Samsung Electronics Co. is is losing a key mobile exec just weeks before the expected launch of its next flagship phone, the Galaxy S6. Kim Seok-pil has stepped down from his position as head of strategic marketing for Samsung’s mobile business after being appointed in December, the Wall Street Journal reported Tuesday.

Kim played an integral part in the development of the upcoming Galaxy S device, likely the Galaxy S6. However, his decision to step is not related to performance, but rather his ailing health. Kim could rejoin the company at a time point, the WSJ noted. However, several Samsung executives have been demoted or lost their jobs in recent months following the company’s abysmal 2014.

Replacing Kim is Samsung executive, Lee Sang-chul, who currently heads Samsung Mobile in Russia. Lee was previously head of Samsung Mobile in Latin America, and comes into his new position at a poignant time for Samsung. The smartphone maker struggled with drops in sales and profit throughout 2014, reporting a 64 percent drop in profit for its mobile business during its fourth-quarter earnings last week.
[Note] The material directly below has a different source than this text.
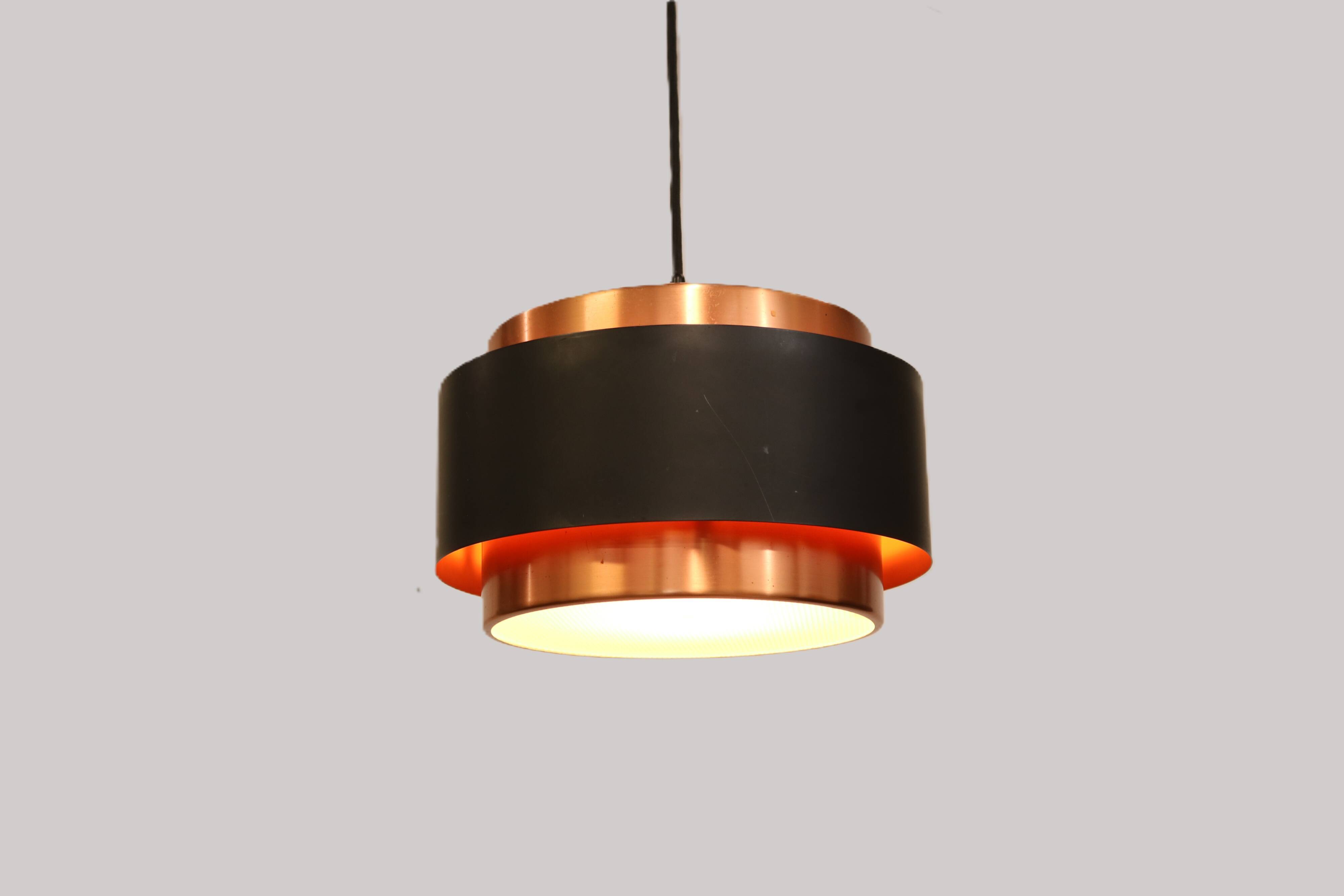 Jo Hammerborg Saturn Pendant Lamp | Fog & Morup, Danish Design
Samsung shipped between 71 million and 76 million smartphones during the fourth-quarter, a steep drop in comparison to the 85 million to 86 million units it sold the prior year. The manufacturer also saw rival Apple Inc. catch up to its global figures, selling 74.5 million iPhones during the fourth quarter. Samsung has been the largest smartphone manufacturer for some time; however, in the last year several rivals, including Apple, but in particular domestic makers like Xiaomi, Huawei and Lenovo have steadily eaten away at the company’s market share.
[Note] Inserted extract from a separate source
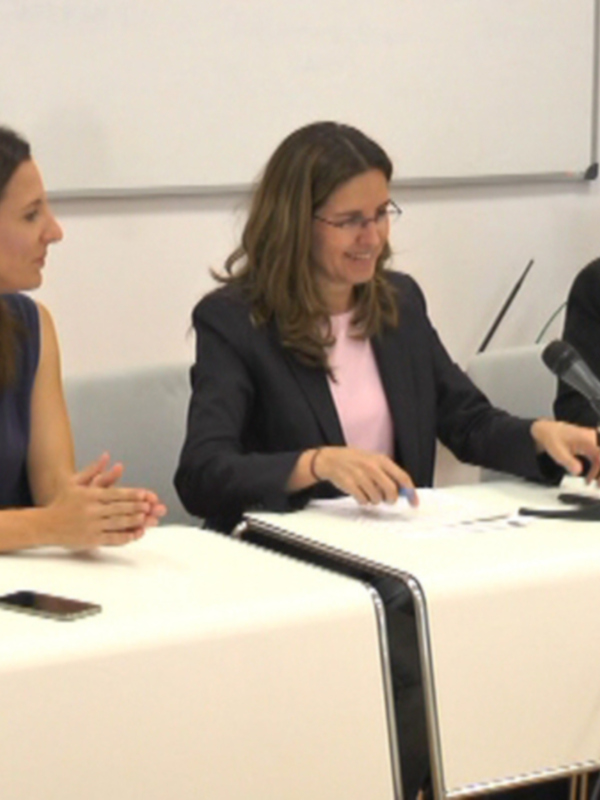 Doce desempleados inician un curso de operaciones auxiliares con TIC que incluye prácticas remuneradas en empresas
Samsung is looking toward the Galaxy S6, which should launch on March 1 in Barcelona, to recover some of its lost sales. The manufacturer is expected to introduce updated designs and features on the phone, making it unlike any prior Galaxy S smartphone, to recapture lost customers. Samsung’s Galaxy S5 flagship especially suffered from sales losses, having sold 40 percent fewer handsets than the previous Galaxy S4 smartphone, which was a consumer favorite in 2013.